I really wasn’t sure I even wanted to play this. There have been a lot of games in the QWOP mold, where characters are controlled limb by limb, deliberately difficult and entertainingly gangly, not least Foddy’s own Getting Over It. I get them. I briefly enjoy them. And then the in-built frustration, well, frustrates me. I thought Heavenly Bodies would be this, with its ragdoll astronaut, each arm assigned to a gamepad stick, each hand to a trigger.

Except, somehow it isn’t. Heavenly Bodies takes the exact concept, the same paper-doll movement, and yet makes it feel absolutely essential.

It turns out, 2pt Interactive’s borrowing Foddy’s flailing movement is the perfect way to represent a lack of gravity. As you try to grab hold of the walls of a space station, then attempt to manipulate the arms to pull yourself in the correct direction, the helplessness just makes sense.

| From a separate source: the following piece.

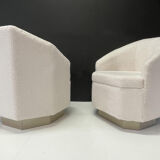 PAIR OF VINTAGE ARMCHAIRS IN HEXAGONAL SHAPE, 1970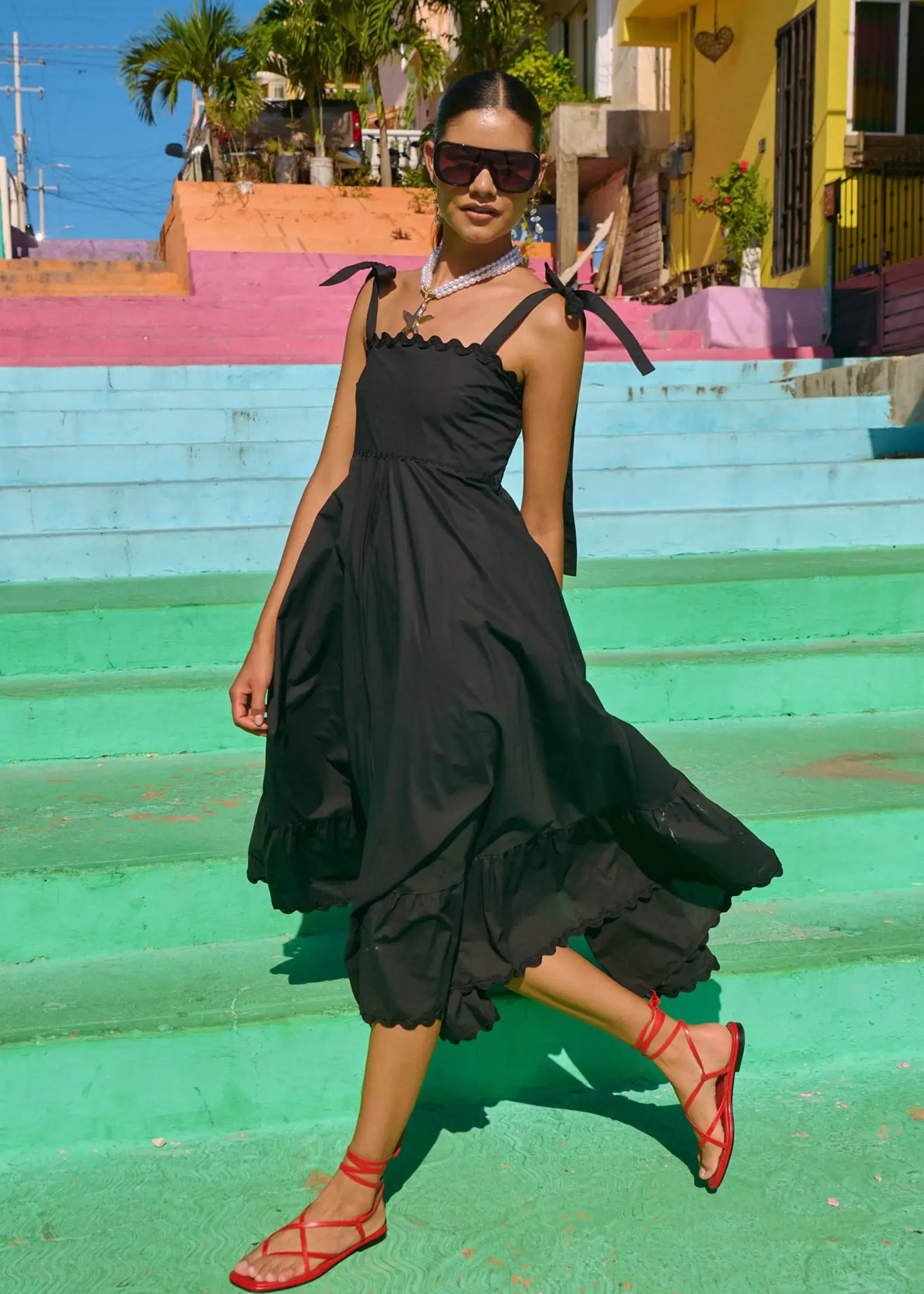 Haven Brasilia Tie Maxi Dress - Black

Better, you can get better at it! Sure, that’s true of Getting Over It – heck, people become sublime at it in a way I never will no matter how much I’ve played – but here that improvement feels faster, and more importantly, more meaningful.

In this ten minute demo, you are set a series of tasks. Reach the main hub, enter the airlock, go outside to wind in a solar sail… But this 1970s space station isn’t in the best condition, levers can snap, and you’re going to have to improvise. Now, if this were the exercise in frustration I thought it was intending to be, such precise actions as trying to find a crowbar then open a stuck door would be unbearable. But here, somehow this unwieldy movement becomes a valid obstacle in the awkwardness of outer-space, and achieving a task feels bloody fantastic.

The first time I played I ran out of time before I’d managed to get back inside the space station. The second time with my cosmonaut literally at the doorway of the winning area. The third time I completed it with two and a half minutes left on the clock. And this improvement, and this sense of getting to grips with its interaction, makes me OH SO desperate to play the rest of the game.

I love how much room there is for stuff to go wrong. In my second play through, with my son watching, the crowbar floated out of the airlock and my attempts to catch it in time failed. My son: “I hope you don’t need it now you’ve let it float into out-of-space.” Thankfully I didn’t in these ten minutes. But what if in the full game it were? Would I have to improvise something else? Or head off on some ludicrously dangerous attempt to space walk to find it? The possibilities of how much room to invent solutions to scrapes, to The Martian your way into and out of trouble, are just so immense!

Clearly I’m somewhat project managing my own imagined version of the game at this point, and who knows the actual intentions. But wow is there potential here. Absolutely get ahold of this demo now, and wishlist the game so damned hard.